§ **The data**
***

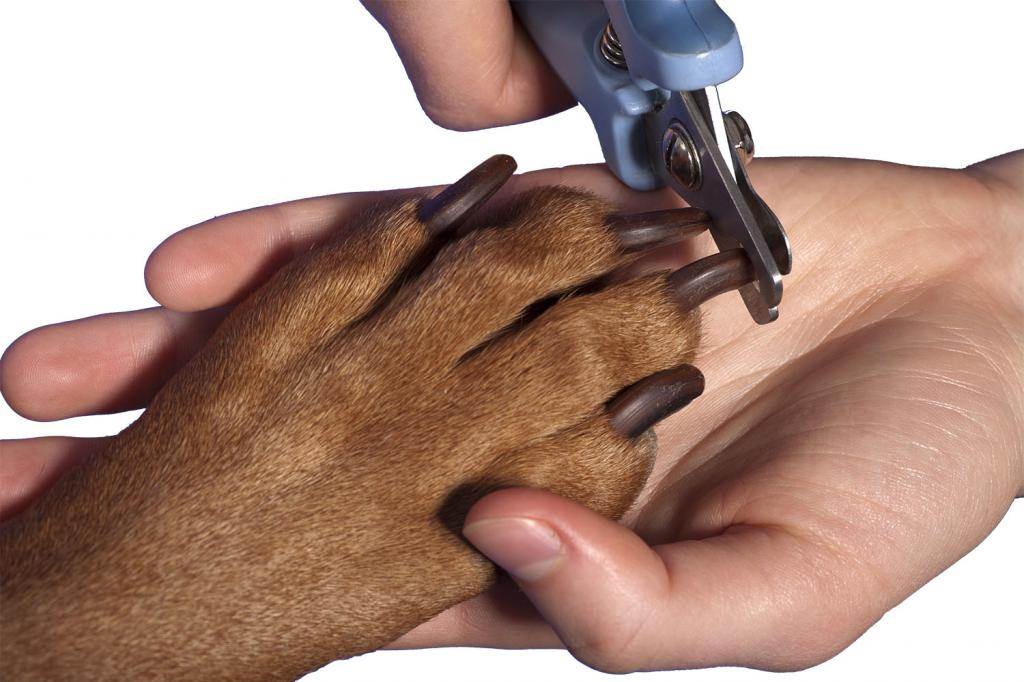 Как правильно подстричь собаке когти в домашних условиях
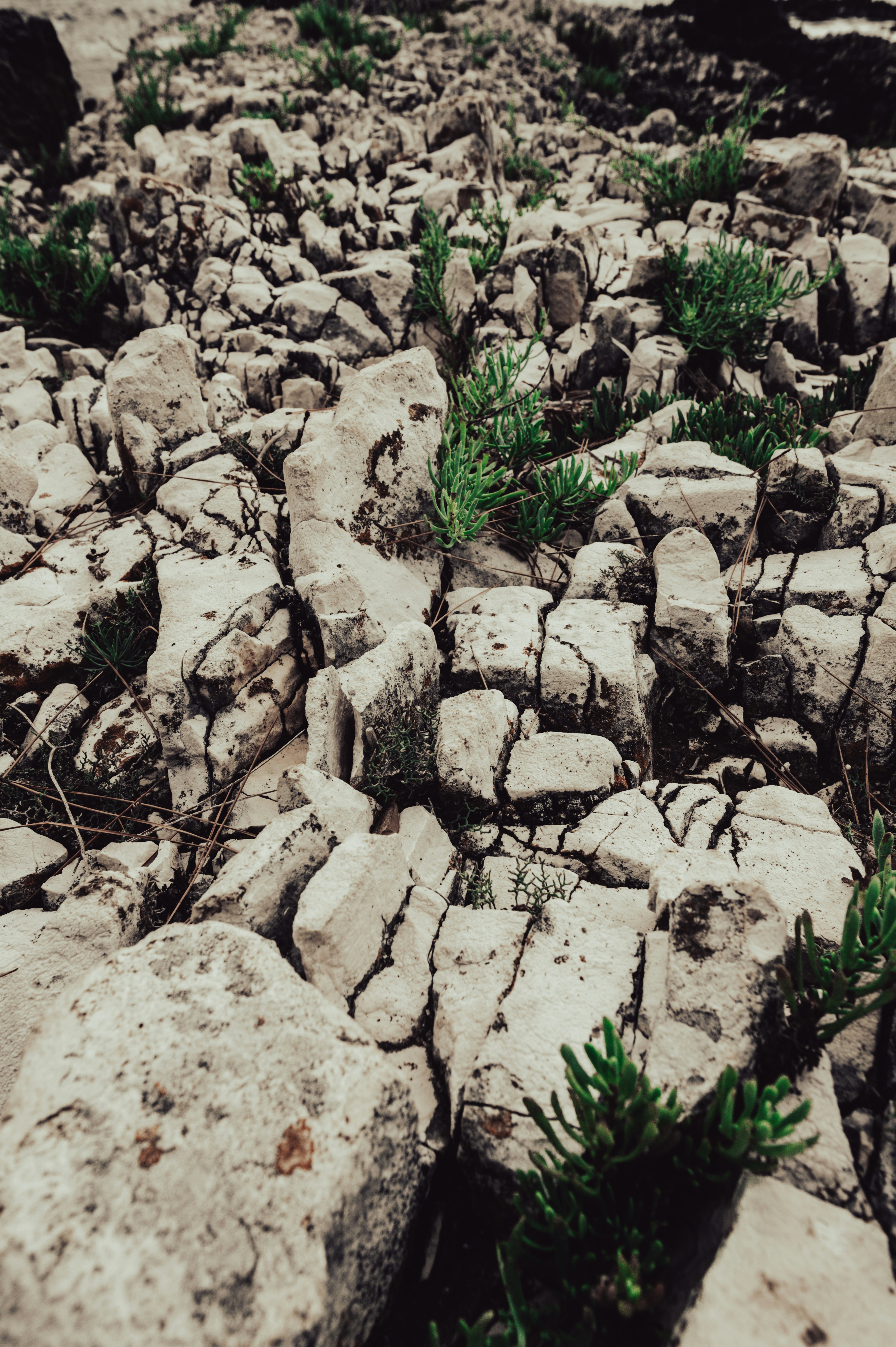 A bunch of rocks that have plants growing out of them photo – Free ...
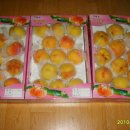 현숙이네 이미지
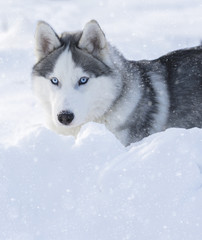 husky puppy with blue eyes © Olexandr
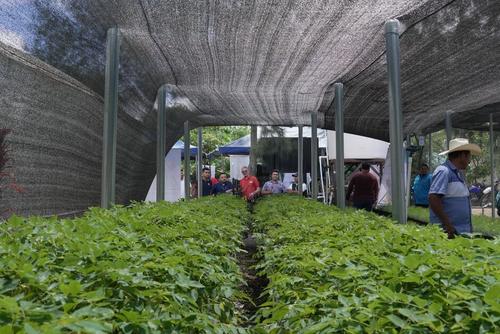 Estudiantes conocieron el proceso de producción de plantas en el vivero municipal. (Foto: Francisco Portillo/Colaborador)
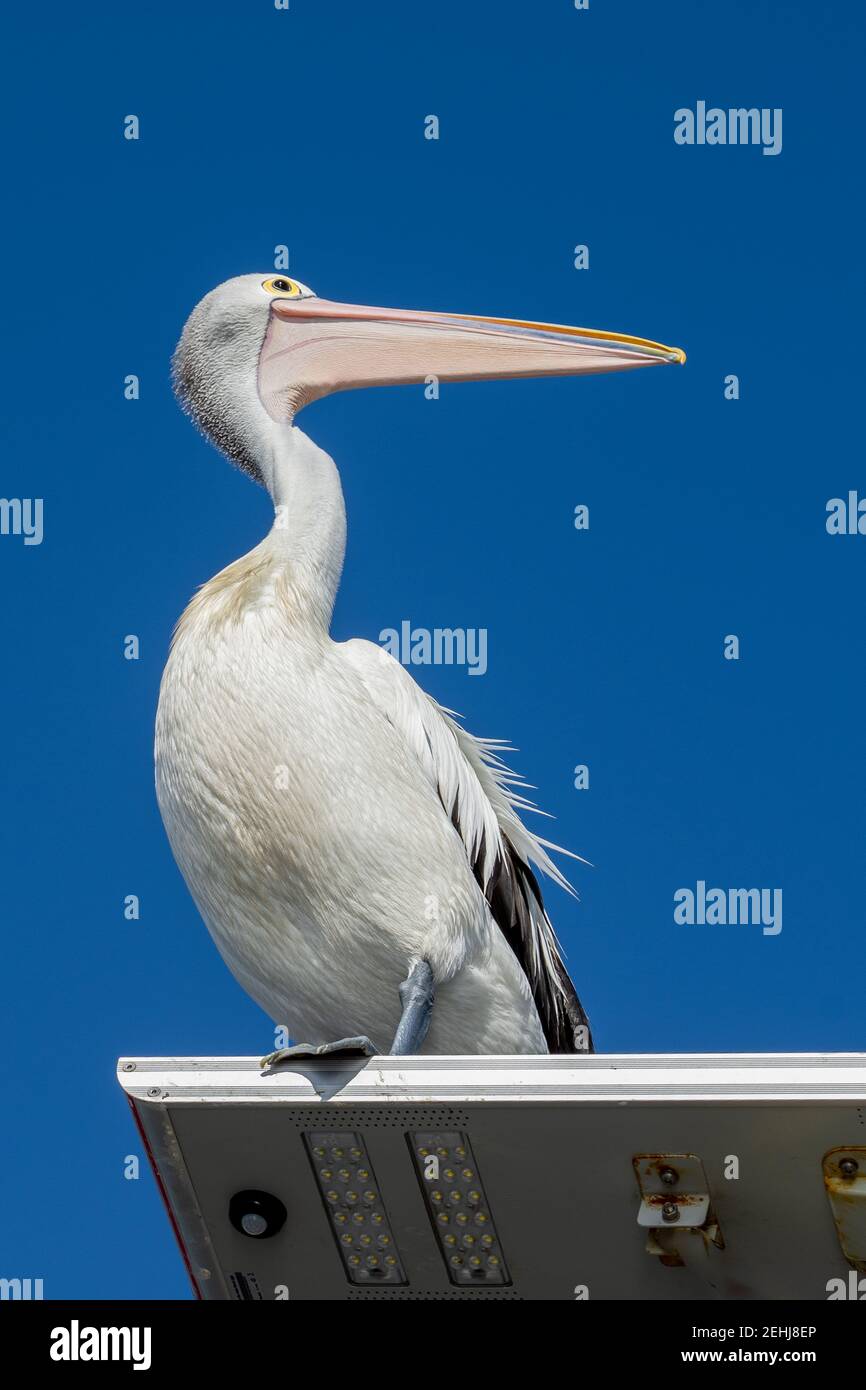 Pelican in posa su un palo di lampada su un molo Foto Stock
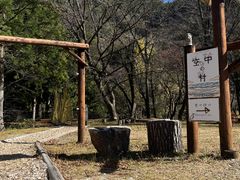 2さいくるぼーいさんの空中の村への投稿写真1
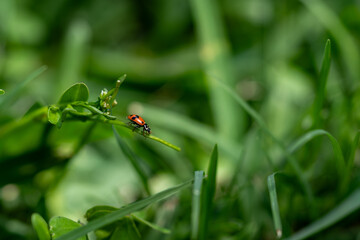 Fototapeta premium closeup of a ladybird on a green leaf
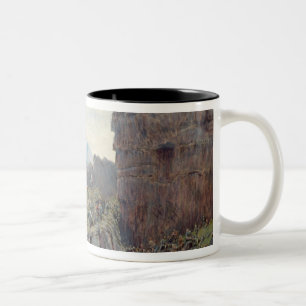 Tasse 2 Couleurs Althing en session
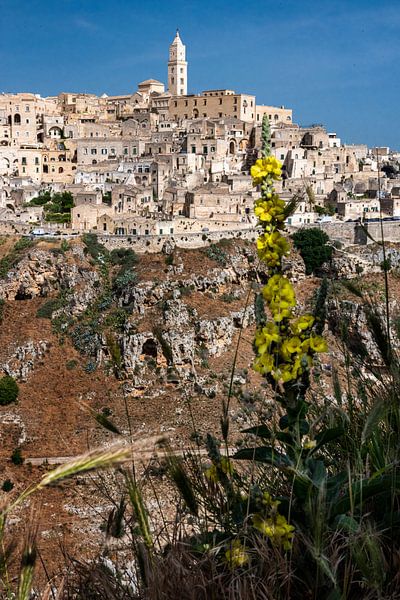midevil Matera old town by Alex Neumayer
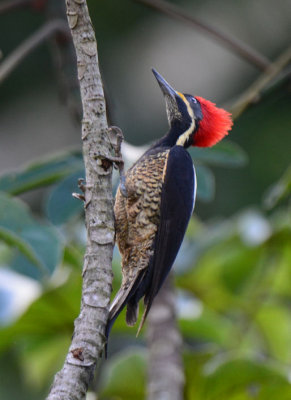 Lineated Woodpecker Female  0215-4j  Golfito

***

The expected answer is the line with "Tasse 2 Couleurs Althing en session" followed by every remaining line of the listing, each restated exactly, with all pictures dropped.

§ **Written response**
 Tasse 2 Couleurs Althing en session
midevil Matera old town by Alex Neumayer
 Lineated Woodpecker Female  0215-4j  Golfito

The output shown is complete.